C’est pas la question.
C’est quoi la question ? (Laurent Mauvignier, cité p. 94)
À propos des points de suspension, Cécile Narjoux déclare : « Mais aujourd’hui on observe un repli de ce signe, auquel les écrivains contemporains semblent préférer le point final. » N’est-ce pas une généralisation hâtive ? Exemple :
– Attendez, si je confirme. Si je. Que je. Vous voulez que je. Moi, que je dise. Et que je confirme oui, ici, ce qui s’est passé ici. On ne va pas parler de ça, pas ici, c’est pas possible, on ne va pas. (Laurent Mauvignier, cité p. 99)
Elle cite aussi des extraits de Bleu note de Frédéric Léal (P.O.L), où la barre oblique « prend la valeur de divers signes de ponctuation, voire de certains mots. Elle manifeste assurément une activité de l’énonciateur qui perturbe les habitudes de lecture du lecteur en l’obligeant à un important travail d’interprétation du texte. » (p. 102) Deux extraits :
Mais / au lieu de fuir, l’animal, ne se dirige-t-il pas direct sur… !
Il s’est avancé pour tenter de le reconnaître / échec.

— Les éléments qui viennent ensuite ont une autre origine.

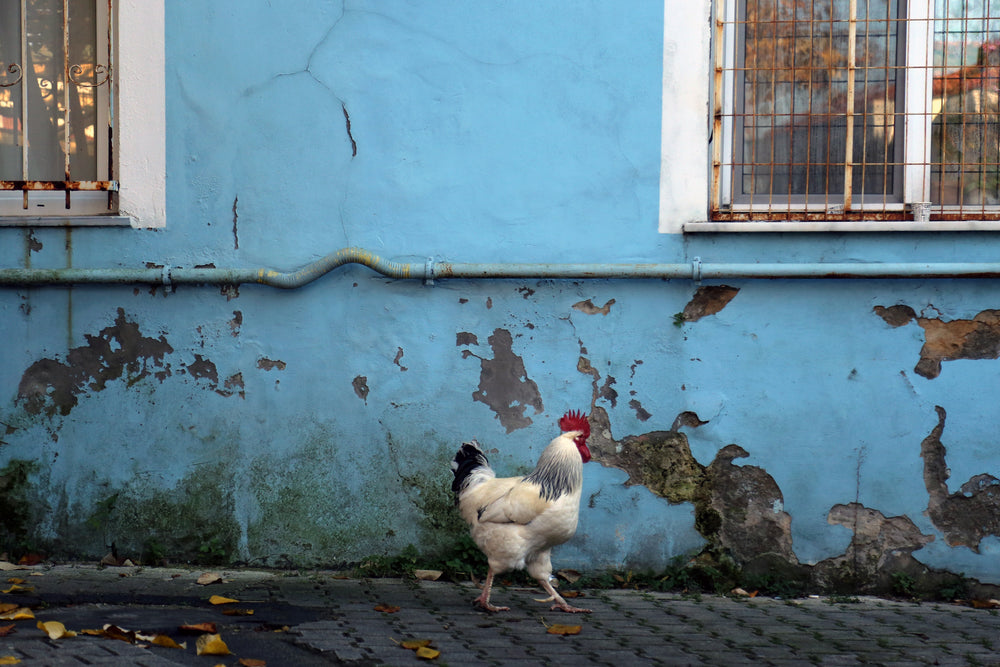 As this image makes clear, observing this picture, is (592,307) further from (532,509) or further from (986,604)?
(986,604)

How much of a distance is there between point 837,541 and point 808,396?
80 cm

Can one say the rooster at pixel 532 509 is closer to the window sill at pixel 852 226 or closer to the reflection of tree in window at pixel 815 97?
the window sill at pixel 852 226

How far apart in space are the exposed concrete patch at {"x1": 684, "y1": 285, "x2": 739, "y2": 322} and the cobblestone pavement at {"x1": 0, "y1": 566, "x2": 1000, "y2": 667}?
1.52 metres

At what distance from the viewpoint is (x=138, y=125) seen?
530 centimetres

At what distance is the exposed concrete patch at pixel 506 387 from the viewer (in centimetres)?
522

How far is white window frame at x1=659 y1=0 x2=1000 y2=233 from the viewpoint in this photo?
5102 mm

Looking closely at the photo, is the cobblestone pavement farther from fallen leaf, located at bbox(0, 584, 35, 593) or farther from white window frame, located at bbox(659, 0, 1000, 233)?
white window frame, located at bbox(659, 0, 1000, 233)

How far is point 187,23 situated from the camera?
5258 millimetres

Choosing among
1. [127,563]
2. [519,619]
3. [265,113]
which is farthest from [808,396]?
[127,563]

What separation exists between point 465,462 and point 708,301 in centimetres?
161

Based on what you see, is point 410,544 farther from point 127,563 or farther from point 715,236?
point 715,236

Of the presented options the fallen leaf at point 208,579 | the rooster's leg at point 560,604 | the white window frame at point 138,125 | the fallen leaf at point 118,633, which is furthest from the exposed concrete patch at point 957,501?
the white window frame at point 138,125

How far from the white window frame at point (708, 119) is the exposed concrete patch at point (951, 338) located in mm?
483

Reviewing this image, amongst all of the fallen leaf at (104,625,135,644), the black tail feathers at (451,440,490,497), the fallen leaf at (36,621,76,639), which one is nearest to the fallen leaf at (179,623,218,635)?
the fallen leaf at (104,625,135,644) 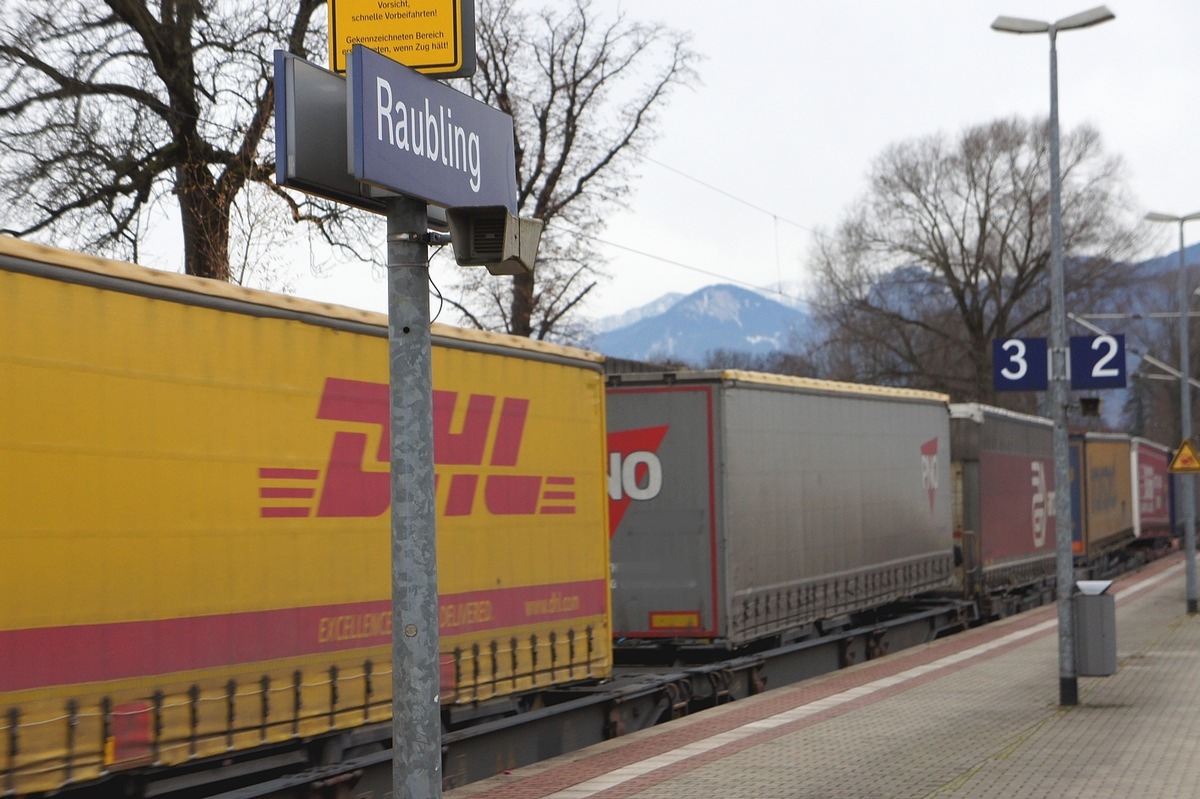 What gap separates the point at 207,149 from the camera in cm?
1964

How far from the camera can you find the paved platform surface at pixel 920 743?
879 cm

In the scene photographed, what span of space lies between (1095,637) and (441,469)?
263 inches

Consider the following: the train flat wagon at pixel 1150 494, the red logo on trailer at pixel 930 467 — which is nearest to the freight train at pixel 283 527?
the red logo on trailer at pixel 930 467

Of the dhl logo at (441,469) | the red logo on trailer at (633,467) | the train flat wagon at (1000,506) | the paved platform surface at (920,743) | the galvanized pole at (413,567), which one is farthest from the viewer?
the train flat wagon at (1000,506)

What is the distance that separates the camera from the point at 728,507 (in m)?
13.3

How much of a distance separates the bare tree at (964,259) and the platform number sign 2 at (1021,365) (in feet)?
118

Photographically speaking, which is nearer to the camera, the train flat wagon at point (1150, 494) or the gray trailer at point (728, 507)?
the gray trailer at point (728, 507)

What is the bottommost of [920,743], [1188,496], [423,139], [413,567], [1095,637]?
[920,743]

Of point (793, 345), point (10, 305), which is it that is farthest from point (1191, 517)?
point (793, 345)

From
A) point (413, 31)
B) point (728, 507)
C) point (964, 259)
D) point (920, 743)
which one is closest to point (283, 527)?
point (413, 31)

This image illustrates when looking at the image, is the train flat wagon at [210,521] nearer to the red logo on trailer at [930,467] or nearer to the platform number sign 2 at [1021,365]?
the platform number sign 2 at [1021,365]

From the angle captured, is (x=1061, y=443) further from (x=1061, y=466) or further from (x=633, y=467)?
(x=633, y=467)

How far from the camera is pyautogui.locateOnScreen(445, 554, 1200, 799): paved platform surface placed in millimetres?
8789

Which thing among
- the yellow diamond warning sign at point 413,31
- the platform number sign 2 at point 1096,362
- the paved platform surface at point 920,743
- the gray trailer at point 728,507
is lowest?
the paved platform surface at point 920,743
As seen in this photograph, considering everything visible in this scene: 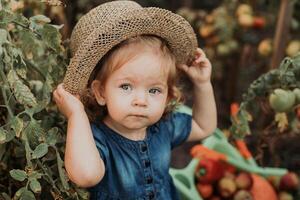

Mentionnons, pour finir, au chapitre des « marqueurs expressifs », l’utilisation de l’alinéa « à des fins stylistiques » (p. 113) :
[…] – on voyait les silhouettes, les petits nuages de poussière et la couleur fauve et blanche, et les cornes effilées et puis.
Et puis. Puis rien.
Rien. (Laurent Mauvignier)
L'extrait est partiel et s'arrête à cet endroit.